*Work task*
Your job is to set down the stretch of entries that opens with the line containing "Hombre vistiendo pantalón" and closes with the line containing "used cardboard boxes". Keep both end lines, copy each exactly, and add nothing.

*Given data*
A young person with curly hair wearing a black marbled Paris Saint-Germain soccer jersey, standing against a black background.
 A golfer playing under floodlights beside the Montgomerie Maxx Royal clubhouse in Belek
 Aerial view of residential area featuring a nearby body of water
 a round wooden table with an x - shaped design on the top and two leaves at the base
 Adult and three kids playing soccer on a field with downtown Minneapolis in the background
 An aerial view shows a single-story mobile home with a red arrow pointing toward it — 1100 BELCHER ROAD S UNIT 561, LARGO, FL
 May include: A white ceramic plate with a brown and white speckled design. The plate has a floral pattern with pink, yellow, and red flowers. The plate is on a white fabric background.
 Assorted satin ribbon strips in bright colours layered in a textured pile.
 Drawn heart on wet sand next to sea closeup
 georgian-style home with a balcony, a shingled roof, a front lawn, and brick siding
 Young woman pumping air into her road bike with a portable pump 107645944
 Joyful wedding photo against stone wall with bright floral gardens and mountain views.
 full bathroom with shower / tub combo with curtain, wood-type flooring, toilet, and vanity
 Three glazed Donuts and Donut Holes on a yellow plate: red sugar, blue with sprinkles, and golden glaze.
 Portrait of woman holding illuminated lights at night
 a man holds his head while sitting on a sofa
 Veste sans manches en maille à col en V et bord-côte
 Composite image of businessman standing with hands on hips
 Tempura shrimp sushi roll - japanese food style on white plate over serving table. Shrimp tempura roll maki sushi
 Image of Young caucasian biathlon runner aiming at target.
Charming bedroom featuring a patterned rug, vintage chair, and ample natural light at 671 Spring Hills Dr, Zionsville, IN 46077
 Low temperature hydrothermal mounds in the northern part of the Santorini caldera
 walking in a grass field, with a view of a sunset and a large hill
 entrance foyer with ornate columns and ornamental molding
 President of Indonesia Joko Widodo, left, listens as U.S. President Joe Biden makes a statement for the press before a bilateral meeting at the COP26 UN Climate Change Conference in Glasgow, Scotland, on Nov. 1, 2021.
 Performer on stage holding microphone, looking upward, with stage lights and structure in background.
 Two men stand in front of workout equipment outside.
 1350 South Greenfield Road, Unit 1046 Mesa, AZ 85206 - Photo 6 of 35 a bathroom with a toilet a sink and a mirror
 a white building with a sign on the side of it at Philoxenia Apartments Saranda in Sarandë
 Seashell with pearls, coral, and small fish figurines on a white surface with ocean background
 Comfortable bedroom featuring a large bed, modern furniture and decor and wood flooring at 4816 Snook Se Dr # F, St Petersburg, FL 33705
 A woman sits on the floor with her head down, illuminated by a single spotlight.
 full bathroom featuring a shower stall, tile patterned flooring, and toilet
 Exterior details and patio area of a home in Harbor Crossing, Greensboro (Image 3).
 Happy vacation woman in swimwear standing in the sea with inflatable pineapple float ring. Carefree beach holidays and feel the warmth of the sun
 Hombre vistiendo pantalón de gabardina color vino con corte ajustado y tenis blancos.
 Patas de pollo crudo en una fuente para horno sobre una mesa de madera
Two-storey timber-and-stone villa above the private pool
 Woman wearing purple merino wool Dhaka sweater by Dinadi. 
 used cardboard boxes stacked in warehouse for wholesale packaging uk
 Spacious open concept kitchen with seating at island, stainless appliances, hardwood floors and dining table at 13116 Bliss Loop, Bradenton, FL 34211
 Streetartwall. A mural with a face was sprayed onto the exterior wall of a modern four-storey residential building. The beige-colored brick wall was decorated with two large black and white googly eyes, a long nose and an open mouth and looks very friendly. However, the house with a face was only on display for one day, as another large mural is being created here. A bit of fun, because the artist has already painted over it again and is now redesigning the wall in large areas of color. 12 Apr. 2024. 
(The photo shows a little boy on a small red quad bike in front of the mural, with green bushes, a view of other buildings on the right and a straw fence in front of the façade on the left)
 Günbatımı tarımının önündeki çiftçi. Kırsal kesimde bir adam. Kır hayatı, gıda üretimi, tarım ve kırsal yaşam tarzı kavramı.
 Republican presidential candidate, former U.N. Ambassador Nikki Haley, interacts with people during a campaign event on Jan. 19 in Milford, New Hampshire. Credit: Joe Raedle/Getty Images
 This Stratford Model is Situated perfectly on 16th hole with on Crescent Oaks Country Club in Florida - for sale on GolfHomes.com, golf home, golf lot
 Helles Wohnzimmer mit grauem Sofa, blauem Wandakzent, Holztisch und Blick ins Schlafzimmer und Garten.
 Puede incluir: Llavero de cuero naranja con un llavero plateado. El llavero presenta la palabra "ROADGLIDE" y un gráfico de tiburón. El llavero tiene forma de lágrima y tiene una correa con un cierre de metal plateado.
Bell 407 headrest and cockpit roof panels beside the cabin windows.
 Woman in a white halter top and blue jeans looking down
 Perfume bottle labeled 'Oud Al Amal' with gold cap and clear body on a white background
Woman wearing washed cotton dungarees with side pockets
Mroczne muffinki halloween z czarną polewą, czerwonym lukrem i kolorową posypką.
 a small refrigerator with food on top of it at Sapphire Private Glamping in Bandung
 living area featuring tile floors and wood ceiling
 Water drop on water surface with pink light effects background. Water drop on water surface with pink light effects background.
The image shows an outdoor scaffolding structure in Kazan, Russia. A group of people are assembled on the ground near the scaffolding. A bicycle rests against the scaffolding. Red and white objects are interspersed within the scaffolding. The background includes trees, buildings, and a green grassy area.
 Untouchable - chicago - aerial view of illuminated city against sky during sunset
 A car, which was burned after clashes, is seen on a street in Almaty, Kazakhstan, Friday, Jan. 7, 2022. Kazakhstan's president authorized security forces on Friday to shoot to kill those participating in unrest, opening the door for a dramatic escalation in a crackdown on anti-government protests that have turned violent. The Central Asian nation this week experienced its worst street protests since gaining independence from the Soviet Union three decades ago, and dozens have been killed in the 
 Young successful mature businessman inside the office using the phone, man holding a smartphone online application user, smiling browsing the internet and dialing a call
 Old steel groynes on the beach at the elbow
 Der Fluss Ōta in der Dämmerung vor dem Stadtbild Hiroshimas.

*Solution*
 Hombre vistiendo pantalón de gabardina color vino con corte ajustado y tenis blancos.
 Patas de pollo crudo en una fuente para horno sobre una mesa de madera
Two-storey timber-and-stone villa above the private pool
 Woman wearing purple merino wool Dhaka sweater by Dinadi. 
 used cardboard boxes stacked in warehouse for wholesale packaging uk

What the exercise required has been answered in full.